The first number is Don’t Lose Yourself, a bluesy, One for My Baby-style nocturnal ballad that strolls along with a nifty implied triplet groove. “When it’s Halloween in your mind, fight them with crime…we’re racing with death, baby…” Iggy intones.

He goes way up the scale over Saft’s slow, brooding, latin-tinged swing on the title cut. You have to wait til after Saft’s darkly blues and gospel-infused crescendos for the best part, where Swallow rises briefly for a solo and Iggy talks about being at “The corner of Desperate Avenue and Loneliness Road.”

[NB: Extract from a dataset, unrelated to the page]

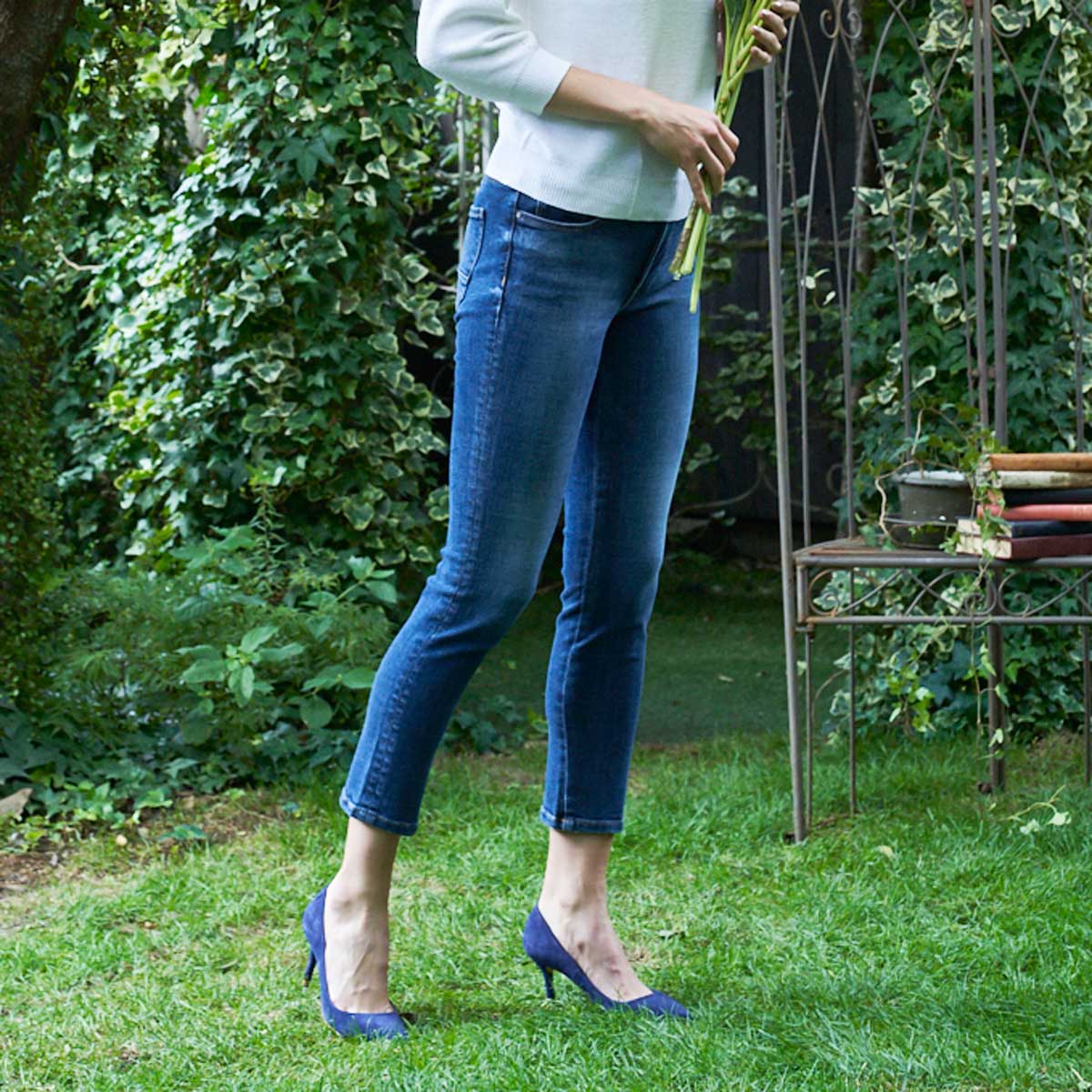 ��BIG SALE�ۻĤ�1�����߸˸¤� �ϥ��ѥ���ȥ�å� �����ȥ����åץ� CA6386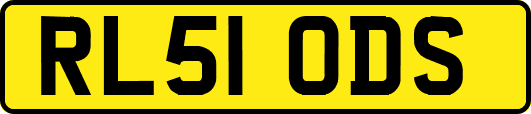 RL51ODS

The third track is Everyday, another moody, bluesy one that Swallow introduces with a plaintive solo; Iggy makes it a sobering ballad. “My love is not a book of jive,” he asserts.

Obviously, if you’re working with an icon, your instrumentals without him are bound to be upstaged – but Saft’s night themes are vivid and inspired. The music is less about tradeoffs or interplay than intense focus. Saft, a multi-instrumentalist and member of John Zorn’s inner circle, is better known as an organist with a torrential attack, and there are a lot of places here where his chordal approach reflects that.

The opening number, Ten Nights, features darkly, latin-inflected block chords underpinning jaunty righthand flourishes while Swallow dances and Previte takes a triumphantly stormy tangent with his cymbals. In Little Harbor, Previte hints artfully and sparely at a clave as Swallow vamps uneasily and Saft slowly expands on a starry soul theme.

Bookmaking is as darkly spacious and suspenseful as anybody taking shady bets could want, an atmosphere that Saft revisits later in Nainsook. By contrast, Henbane is the closest thing to a straight-up swing tune here, Previte having a great time chewing the scenery, Saft spicing his ripples and glissandos with the occasional eerie, lingering accent.

There’s also Pinkus, a slow, austere, Summertimey blues ballad; The Barrier, which echoes a few things famously appropriated by Coltrane; Unclouded Moon, with its gritty, percussive, rubato rumble; and Gates, a soul-jazz waltz. Beyond its jazz appeal, Iggy completists won’t want to be without this album.